Try converting stopwords to a set. Using a list, your approach is O(n*m) where n is the number of words in text and m is the number of stop-words, using a set the approach is O(n + m). Let's compare both approaches list vs set:
import timeit
from nltk.corpus import stopwords
def list_clean(text):
stop_words = stopwords.words('english')
return [w for w in text if w.lower() not in stop_words]
def set_clean(text):
set_stop_words = set(stopwords.words('english'))
return [w for w in text if w.lower() not in set_stop_words]
text = ['the', 'cat', 'is', 'on', 'the', 'table', 'that', 'is', 'in', 'some', 'room'] * 100000
if __name__ == "__main__":
print(timeit.timeit('list_clean(text)', 'from __main__ import text,list_clean', number=5))

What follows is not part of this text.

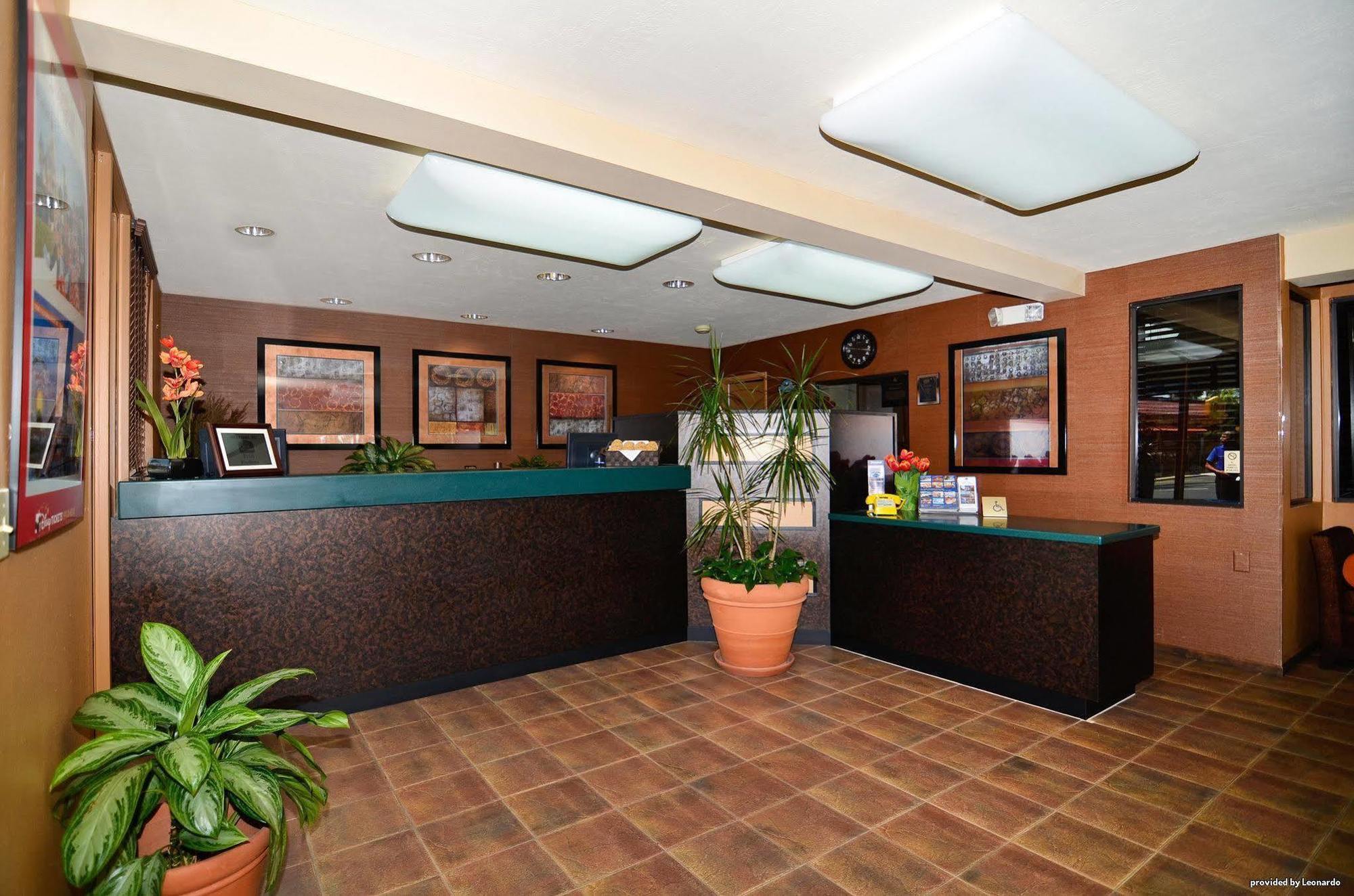 Hotel Western Pavilions 3*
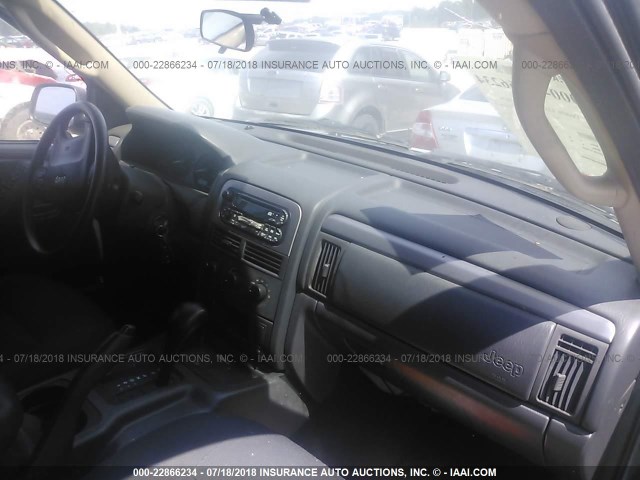 1J4GX48S24C147071 - 2004 JEEP GRAND CHEROKEE LAREDO/COLUMBIA/FREEDOM 银色 照片 5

print(timeit.timeit('set_clean(text)', 'from __main__ import text,set_clean', number=5))
Output
7.6629380420199595
0.8327891009976156
In the code above list_clean is a function that removes stopwords using a list and set_clean is a function that removes stopwords using a set. The first time corresponds to list_clean and the second time corresponds to set_clean. For the given example the set_clean is almost 10 times faster.
UPDATE
The O(n*m) and O(n + m) are examples of big o notation, a theoretical approach of measuring the efficiency of algorithms. Basically the larger the polynomial the less efficient the algorithm, in this case O(n*m) is larger than O(n + m) so the list_clean method is theoretically less efficient than the set_clean method. This numbers come from the fact that search in list is O(n) and searching in a set takes a constant amount of time, often referred as O(1).